LinkedIn tips for better virtual networking
At Goff Public, we’ve been working remotely for nearly six months. This new professional reality is coming into clearer focus as we look to the fall – many of the conferences, chamber meetings and networking events we usually attend won’t look the same this year.
While we can’t network in person for the foreseeable future, it’s a perfect time to brush up on digital networking skills – beginning with your LinkedIn profile. Like other social media platforms, engagement on LinkedIn surged at the start of the COVID-19 pandemic as many users sought to maintain their professional connections, find new opportunities and use this time to enhance their skills.
Once seen primarily as a tool for jobseekers, LinkedIn today is the place to build your professional brand, nurture relationships with colleagues, peers and clients, and share your expertise. With more than 690 million users, the platform is well-loved by entrepreneurs and sales professionals, but even people working in large organizations can benefit from the ability to self-define their work and value on the world’s largest public network.
Here are our best tips for building an authentic profile and engaging more on LinkedIn.
1. You are more than your current company and job title: The default headline is usually your current position and company. Unless potential connections are deeply familiar with your organization, your job title likely doesn’t say much about what you do. You can include your current role, but use the 120 characters to also describe what that means, focus on specific areas of expertise and provide more detail on your geographic reach.
2. Ditch the third-person bio: Many users utilize a third-person biography from their company website for LinkedIn’s 2,000-character ‘About’ section which appears before your job experience. This isn’t the right approach for a platform that’s all about building authentic, professional connections. Instead, outline what you do and why, how you got to this stage in your career, and what kinds of connections and opportunities you’re looking for. Pepper in some personal details to make it easier for potential connections to strike up a conversation with you.
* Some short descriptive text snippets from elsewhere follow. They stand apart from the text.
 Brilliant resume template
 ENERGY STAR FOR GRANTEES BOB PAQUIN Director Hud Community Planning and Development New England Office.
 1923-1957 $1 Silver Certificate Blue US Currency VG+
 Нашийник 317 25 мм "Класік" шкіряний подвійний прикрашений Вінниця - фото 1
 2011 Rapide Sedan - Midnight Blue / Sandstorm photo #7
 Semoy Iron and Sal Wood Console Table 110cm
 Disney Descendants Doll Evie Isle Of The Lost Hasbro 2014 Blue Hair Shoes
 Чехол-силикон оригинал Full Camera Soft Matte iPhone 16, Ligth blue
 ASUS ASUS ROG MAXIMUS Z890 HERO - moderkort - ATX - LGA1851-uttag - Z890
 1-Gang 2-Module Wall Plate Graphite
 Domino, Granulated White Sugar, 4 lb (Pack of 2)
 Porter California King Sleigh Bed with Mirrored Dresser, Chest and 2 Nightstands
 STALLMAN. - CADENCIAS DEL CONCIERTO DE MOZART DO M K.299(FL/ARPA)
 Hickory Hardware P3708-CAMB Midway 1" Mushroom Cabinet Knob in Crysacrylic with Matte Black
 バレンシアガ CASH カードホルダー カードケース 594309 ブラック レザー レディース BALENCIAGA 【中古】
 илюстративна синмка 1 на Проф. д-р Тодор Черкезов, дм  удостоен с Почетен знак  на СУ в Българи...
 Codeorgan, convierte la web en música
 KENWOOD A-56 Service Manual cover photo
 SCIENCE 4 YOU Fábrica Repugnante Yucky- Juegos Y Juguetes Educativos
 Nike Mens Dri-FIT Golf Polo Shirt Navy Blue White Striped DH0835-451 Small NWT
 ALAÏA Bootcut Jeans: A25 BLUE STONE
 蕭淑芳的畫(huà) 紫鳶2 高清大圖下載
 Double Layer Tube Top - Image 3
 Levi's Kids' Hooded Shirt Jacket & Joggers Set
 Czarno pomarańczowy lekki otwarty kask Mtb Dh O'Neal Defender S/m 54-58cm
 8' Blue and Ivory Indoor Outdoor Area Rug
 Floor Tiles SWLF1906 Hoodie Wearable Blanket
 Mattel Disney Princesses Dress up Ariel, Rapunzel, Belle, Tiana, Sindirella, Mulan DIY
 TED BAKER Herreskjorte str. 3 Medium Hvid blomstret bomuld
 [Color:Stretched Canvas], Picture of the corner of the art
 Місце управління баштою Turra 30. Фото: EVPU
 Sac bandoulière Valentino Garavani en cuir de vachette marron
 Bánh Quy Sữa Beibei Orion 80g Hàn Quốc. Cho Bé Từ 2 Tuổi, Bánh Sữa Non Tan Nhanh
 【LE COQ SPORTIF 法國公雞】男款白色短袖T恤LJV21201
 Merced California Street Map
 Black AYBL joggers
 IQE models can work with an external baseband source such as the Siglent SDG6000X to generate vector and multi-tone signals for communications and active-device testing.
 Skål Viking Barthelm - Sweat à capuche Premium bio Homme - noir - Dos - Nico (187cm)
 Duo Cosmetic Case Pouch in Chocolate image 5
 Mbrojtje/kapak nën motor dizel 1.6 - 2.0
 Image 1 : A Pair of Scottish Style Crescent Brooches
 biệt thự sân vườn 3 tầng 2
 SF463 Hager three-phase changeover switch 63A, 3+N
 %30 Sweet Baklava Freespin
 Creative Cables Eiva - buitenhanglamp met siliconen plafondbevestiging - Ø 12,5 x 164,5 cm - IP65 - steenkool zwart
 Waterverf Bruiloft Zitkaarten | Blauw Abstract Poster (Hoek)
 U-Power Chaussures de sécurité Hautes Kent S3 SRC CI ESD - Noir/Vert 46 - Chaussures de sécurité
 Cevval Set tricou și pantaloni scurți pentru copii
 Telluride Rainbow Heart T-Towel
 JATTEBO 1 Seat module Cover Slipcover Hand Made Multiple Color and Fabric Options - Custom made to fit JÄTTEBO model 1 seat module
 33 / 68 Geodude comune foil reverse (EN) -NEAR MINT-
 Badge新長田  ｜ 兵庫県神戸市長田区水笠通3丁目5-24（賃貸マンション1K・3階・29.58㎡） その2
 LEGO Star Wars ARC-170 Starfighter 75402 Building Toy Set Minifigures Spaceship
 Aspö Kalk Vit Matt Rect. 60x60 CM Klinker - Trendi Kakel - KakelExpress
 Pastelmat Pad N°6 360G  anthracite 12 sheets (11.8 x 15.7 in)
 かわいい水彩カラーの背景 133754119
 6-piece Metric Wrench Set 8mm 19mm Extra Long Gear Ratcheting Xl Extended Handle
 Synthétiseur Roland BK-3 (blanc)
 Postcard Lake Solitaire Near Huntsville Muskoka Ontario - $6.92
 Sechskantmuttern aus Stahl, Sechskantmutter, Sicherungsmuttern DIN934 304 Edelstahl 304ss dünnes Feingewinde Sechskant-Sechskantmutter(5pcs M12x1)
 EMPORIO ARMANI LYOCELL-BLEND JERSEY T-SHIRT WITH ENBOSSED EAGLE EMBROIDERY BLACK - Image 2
3. Find and build connections: Take stock of your current connections and see who’s missing. Make it a habit to seek new connections on the platform, even if you’re only meeting digitally at first. If you participate in online events – like panels or webinars – connect with other participants, panelists and organizers after.
4. Participate as much (or as little) as you’d like: Once you’ve cleaned up your profile and connections, your LinkedIn presence can passively work for you by helping you put your best face forward, but that’s only the beginning. Set a goal of logging in twice a month to catch up with connections and share content. To really build your brand, demonstrate your expertise through conversations in LinkedIn groups and blog posts.
Check out this great example profile from LinkedIn’s Talent Blog. Here, Bruce opens with a strong statement, describes his unique approach to the recruiting field and gives readers insight into his personality.
While many of us forget about our LinkedIn profiles once we’ve secured a new opportunity, we could be missing out on new connections, partnerships and clients. Revisiting our profiles and participating more online during the era of social distancing can help keep us connected to the world beyond Zoom.